El viejo carraspeó, sin inmutarse, y miró a los visitantes por encima de las gafas.
—¿Objeto de vuestra estancia? ¿Para cuántas noches vais a necesitar la habitación?
Martillo arrojó un paquetito de aspirinas sobre la mesa.
—Una suite de lujo hasta mañana a primera hora. Y deja ya esta mascarada.
El viejo, molesto, arrugó la frente, arrancó un trozo de papel, escribió algo, y se lo entregó a Martillo.
—Esto es el cupón para el desayuno. El comedor se encuentra al final de…
—Métete los cupones donde te quepan. —El Stalker recogió la mochila que había dejado en el suelo—. Llévanos hasta la habitación, capullo burócrata.
La habitación resultó ser un frío cuarto entre paredes de hormigón, de tres metros por cinco, con dos camastros hundidos, una mesa que no se aguantaba de puro vieja y un par de taburetes. En un rincón encontraron un lavamanos de esmalte muy deteriorado y un recipiente de arcilla repleto de agua turbia. Alguien había tenido la precaución de apoyar la mesa contra la pared, porque, por el motivo que fuese, le faltaba una pata. La pálida lamparilla titilaba sin ton ni son… consecuencia, sin duda alguna, de un generador que no daba para más, pero era suficiente para no estar a oscuras.
—Ponte cómodo. —Martillo dejó la mochila en el rincón y el Kalashnikov y el rifle apoyados contra la pared—. Y no hagas ruido. Aquí estarás a salvo. Por seguridad, voy a cerrar la puerta cuando salga. Yo soy el único que tiene llave.

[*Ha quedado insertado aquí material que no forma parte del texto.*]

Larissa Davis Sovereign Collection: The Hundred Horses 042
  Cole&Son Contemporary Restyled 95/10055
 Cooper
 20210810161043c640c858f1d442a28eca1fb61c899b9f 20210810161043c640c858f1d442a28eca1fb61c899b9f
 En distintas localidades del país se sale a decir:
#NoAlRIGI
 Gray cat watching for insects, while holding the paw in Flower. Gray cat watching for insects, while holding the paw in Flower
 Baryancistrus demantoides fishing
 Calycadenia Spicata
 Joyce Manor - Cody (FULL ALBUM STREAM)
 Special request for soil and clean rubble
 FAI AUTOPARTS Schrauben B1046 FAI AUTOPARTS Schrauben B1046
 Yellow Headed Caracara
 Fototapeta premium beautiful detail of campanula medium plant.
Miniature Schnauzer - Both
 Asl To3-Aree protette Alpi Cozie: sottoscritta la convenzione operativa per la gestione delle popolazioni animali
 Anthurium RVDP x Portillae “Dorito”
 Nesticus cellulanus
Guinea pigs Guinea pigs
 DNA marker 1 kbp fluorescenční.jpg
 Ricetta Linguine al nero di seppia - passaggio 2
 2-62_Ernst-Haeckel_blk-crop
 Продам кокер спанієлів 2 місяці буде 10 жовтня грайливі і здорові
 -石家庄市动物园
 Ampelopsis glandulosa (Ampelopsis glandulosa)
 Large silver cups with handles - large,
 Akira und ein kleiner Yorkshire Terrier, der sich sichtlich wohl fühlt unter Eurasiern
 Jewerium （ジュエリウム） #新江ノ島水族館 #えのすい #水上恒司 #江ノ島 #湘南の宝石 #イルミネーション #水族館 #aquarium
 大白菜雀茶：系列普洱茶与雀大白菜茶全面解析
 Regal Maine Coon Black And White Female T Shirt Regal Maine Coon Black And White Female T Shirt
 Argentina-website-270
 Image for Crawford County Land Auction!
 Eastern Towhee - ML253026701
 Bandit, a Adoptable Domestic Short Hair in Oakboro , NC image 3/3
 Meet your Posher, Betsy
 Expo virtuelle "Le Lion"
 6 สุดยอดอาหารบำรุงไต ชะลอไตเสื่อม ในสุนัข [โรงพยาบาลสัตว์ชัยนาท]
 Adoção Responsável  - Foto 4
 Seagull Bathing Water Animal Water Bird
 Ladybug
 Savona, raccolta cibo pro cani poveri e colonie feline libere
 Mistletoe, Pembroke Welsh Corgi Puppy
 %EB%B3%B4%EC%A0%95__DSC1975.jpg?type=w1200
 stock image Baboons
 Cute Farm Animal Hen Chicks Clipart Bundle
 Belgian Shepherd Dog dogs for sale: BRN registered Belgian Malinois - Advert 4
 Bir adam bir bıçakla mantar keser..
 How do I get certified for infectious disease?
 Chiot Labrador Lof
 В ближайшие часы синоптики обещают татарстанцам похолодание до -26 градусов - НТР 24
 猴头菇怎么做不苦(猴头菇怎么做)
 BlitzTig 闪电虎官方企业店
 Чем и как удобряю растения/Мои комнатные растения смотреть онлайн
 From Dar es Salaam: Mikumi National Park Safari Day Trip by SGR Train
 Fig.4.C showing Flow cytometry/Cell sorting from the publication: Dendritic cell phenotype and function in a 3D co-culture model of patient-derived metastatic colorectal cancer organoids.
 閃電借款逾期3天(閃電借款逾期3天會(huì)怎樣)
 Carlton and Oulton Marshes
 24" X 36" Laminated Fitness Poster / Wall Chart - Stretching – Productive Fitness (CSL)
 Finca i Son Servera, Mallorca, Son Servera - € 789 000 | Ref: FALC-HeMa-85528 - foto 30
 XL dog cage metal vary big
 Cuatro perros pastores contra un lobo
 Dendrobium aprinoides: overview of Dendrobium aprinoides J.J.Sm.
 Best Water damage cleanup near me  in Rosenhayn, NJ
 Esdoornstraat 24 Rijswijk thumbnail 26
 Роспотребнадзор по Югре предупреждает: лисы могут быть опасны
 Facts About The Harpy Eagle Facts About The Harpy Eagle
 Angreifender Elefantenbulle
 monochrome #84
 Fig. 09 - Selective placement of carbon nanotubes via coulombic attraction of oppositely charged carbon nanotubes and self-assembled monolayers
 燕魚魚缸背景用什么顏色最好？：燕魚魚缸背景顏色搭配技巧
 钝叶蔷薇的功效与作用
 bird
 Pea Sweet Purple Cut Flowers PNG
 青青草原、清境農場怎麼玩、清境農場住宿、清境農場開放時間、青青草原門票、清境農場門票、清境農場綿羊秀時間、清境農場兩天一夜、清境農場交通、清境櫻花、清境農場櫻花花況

Martillo salió por la puerta. Se oyó cómo echaba el cerrojo. Gleb se despojó del traje aislante y se quitó los zapatos húmedos. Sintió una fatiga insoportable, sus propios pensamientos se desdibujaban. Se dejó caer sobre el camastro y se envolvió con la vieja frazada. En el agradable silencio se oía tan sólo el tenue rumor de la lámpara. El muchacho contempló la temblorosa luz y gozó de una cierta sensación de seguridad. Por fin había terminado el día. Se durmió con el mechero en la mano.